Make a Service Instance Locally Available
It is possible to access any of the a9s Data Services locally. That means you can connect with a local client to the service for any purpose such as debugging. CF provides a smart way to create SSH forward tunnels via a pushed application. For more information about this feature see the Accessing Apps with SSH section of the CF documentation.
First of all you must have an application bound to the service. How to do this see Bind an Application to a Service Instance.
cf ssh
support must be enabled in the platform.

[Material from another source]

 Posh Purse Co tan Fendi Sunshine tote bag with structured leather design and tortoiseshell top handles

Ask your administrator if you are not sure.
Get The Service URL and Credentials
When you follow this instructions Obtain Service Instance Access Credentials you will get the hostname of the service and the user credentials.
$ cf env a9s-redis-app
Getting env variables for app a9s-redis-app in org test / space test as admin...
OK
System-Provided:
{
"VCAP_SERVICES": {
"a9s-redis7": [
{
(...)
"credentials": {
"cacrt": "-----BEGIN CERTIFICATE-----\nMIIDGzCCAgOgAwIBAgIUJaCrwZnds7aY8+Jr+mvE....CMYZPYrlJ7jsTRt4NMrIp+jr+8tUd8J\n9eb7012/YK0d025ik2Qt\n-----END CERTIFICATE-----\n",
"host": "EXAMPLE-master.service.dc1.a9ssvc",
"redis": {
"password": "EXAMPLE-REDIS-PASSWORD",
"port": 6379,
"username": "EXAMPLE-REDIS-USERNAME"
},
"sentinel": {
"master_name": "EXAMPLE-master",
"password": "EXAMPLE-SENTINEL-PASSWORD",
"port": 26379,
"username": "EXAMPLE-SENTINEL-PASSWORD"
}
}
(...)
}
]
}
}
...
Notice the host EXAMPLE.service.dc1.a9svs
, the username EXAMPLE-REDIS-USERNAME
and the password
EXAMPLE-REDIS-PASSWORD
. You will need this in the next step.
a9s Redis 7 RC and below have a different structure for the credentials
field.
Please see Obtain Service Instance Access Credentials
for more information.
Create a Tunnel to The Service
With the cf ssh
as mentioned before you can create a ssh forward tunnel to the management dashboard.

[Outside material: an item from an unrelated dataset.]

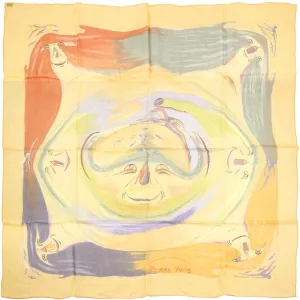Hermes Scarf Mousseline "Smiles in the Third Millenary" by Sefedin Kwumi 90cm Silk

Use port 6379 to connect to the a9s Redis Instance.
$ cf ssh a9s-redis-app -L 6379:EXAMPLE.service.dc1.a9svs:6379
vcap@956aaf4e-6da9-4f69-4b1d-8e631a403312:~$
When the ssh tunnel is open you can access the instance over the address localhost:6379
.
If the instance you have created is based on an SSL-plan, then you would need to provide a CA
certificate when connecting to it using the tunnel approach. To do so you can rely on the certificate
shown when executing cf env
, as shown above.
You should save the certificate from the credentials.cacrt
value of the VCAP_SERVICES
object into
some local file.
Then, while the tunnel is open you can use the redis-cli
to interact with your Redis instance from your
local machine:
redis-cli -h 127.0.0.1 -p 6379 --user <user> --pass <password> --tls --cacert "$LOCAL_CA_CERT_FILE"
Don't forget to close the session with exit
.
Setup Disk Usage Alerts
Each service comes with the a9s Parachute. This component monitors ephemeral and persistent disk usage. See the a9s Parachute documentation how to configure the component.